Buzz négatif sur le réseau social d'entreprise : comment l'éviter ?

Buzz et réseau social d'entreprise En l'absence de responsabilisation des collaborateurs, le RSE pourrait vite se transformer en défouloir et perdre tout ou partie de son intérêt. Mieux vaut se montrer réactif pour éviter que la situation dégénère.

Propos injurieux, insultes, dénigrement... Les réseaux sociaux grand public de type Facebook et Twitter sont, depuis leur création, le théâtre de nombreux dérapages. Et ce n'est pas la multiplication, ces derniers mois, des enquêtes judiciaires et des condamnations qui tendra à montrer le contraire.

Sur les réseaux sociaux d'entreprise (RSE), la situation est heureusement différente. Cela s'explique pour plusieurs raisons. Tout d'abord, les utilisateurs sont clairement identifiés et s'expriment sous leur véritable identité. Un haut niveau d'exposition qui pourrait donc, en cas de dérapage, se retourner directement contre eux.
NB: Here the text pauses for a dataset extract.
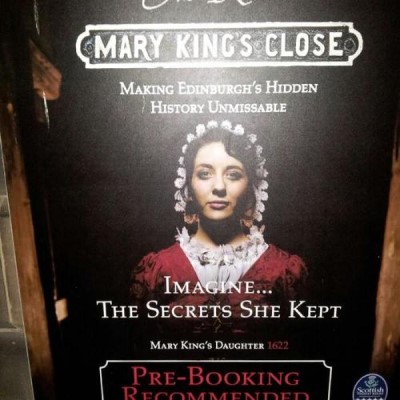 The Real Mary King's Close, a tour attraction in Edinburgh, United Kingdom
A la fois d'un point de vue juridique bien sûr, mais pas seulement. Car en s'exposant ainsi, le collaborateur risque également de ruiner, ou tout du moins sérieusement écorner, son capital d'e-réputation interne.
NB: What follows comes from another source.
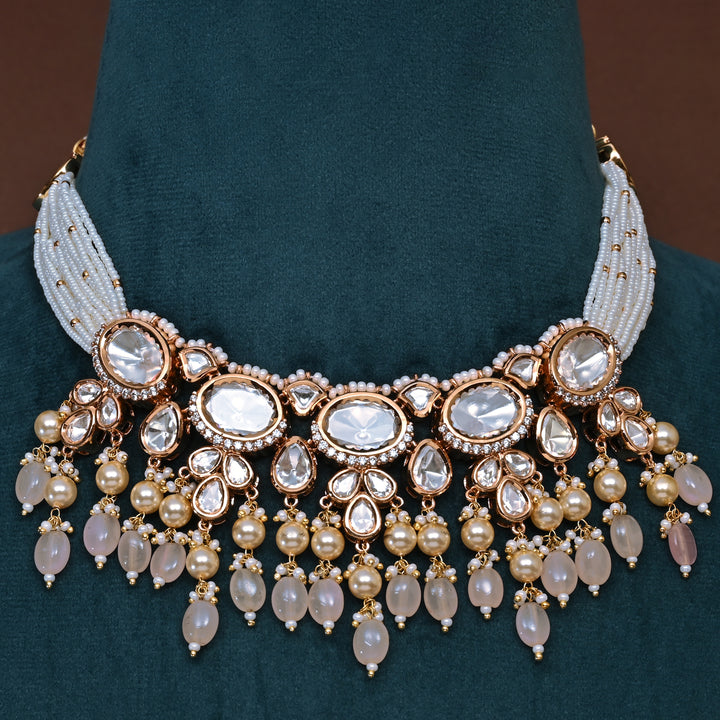 Moissanite Choker Set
"La situation aurait pu se dégrader sans la réactivité du département RH" (Valérie Blondeau - Lagardère Publicité)

Si les situations extrêmes (dénigrement, injures...) sont donc, par nature, peu probables sur les RSE, certaines, plus anodines, peuvent cependant causer quelques soucis. Des problèmes qui, s'ils ne sont pas correctement pris en compte, peuvent dégénérer.

"Lors de notre emménagement dans les nouveaux locaux, un incident est survenu lié à la qualité du nouveau service de restauration. De nombreux posts ont commencé à fleurir sur le RSE et la situation aurait pu se dégrader sans la réactivité du département RH", explique Valérie Blondeau, directrice de la communication de Lagardère Publicité. "Grâce à une écoute attentive et une approche constructive via l'envoi d'un questionnaire de satisfaction, le problème a pu être désamorcé en impliquant les collaborateurs dans le processus de changement".

Parmi les clés à utiliser pour éviter que le RSE véhicule un buzz négatif, l'implication des collaborateurs constitue sans doute la principale. Commerciaux, service marketing et communication, personnel administratif, informatique, juridique : pas un seul service, pas une seule personne ne doit à ce titre être laissé sur le bord du chemin du réseau social d'entreprise. Sachant qu'il faut veiller à ce que la démarche de sensibilisation doit être effectuée le plus tôt possible, bien en amont de la mise en oeuvre de toute solution.

Des collaborateurs qui ont moins tendance à se lâcher qu'à se restreindre

"Il est impératif d'expliquer aux collaborateurs l'objectif du RSE et leur rappeler que sa finalité est de créer du lien pour développer les synergies de travail. Il faut aussi les responsabiliser face aux espaces personnels dont ils ont la charge, et faire preuve, dans tous les cas, de pédagogie", prévient Arnaud Rayrole, fondateur du cabinet Lecko.

Dès lors, mieux vaut ne pas sous-estimer l'impact de la mise en place d'une charte RSE. Différenciée ou non de la charte informatique existante, elle peut constituer un bon moyen pour cadrer les usages du RSE en définissant, par exemple, les limites à ne pas franchir en matière d'expressions. "Nous avons mis en place une charte déontologique de manière à responsabiliser les collaborateurs vis-à-vis les propos qu'ils tiennent sur le RSE, et les prévenir des risques auxquels ils s'exposent en cas d'entrave", indique Valérie Blondeau.

Si la charte permet d'encadrer les usages, elle ne peut cependant rien faire pour les favoriser. "Méfiants, les individus ont plutôt tendance à ne pas s'exprimer sur le RSE. La problématique n'est souvent donc pas que les collaborateurs se lâchent trop sur le RSE, mais plutôt qu'ils n'y parlent pas assez", conclut Arnaud Rayrole.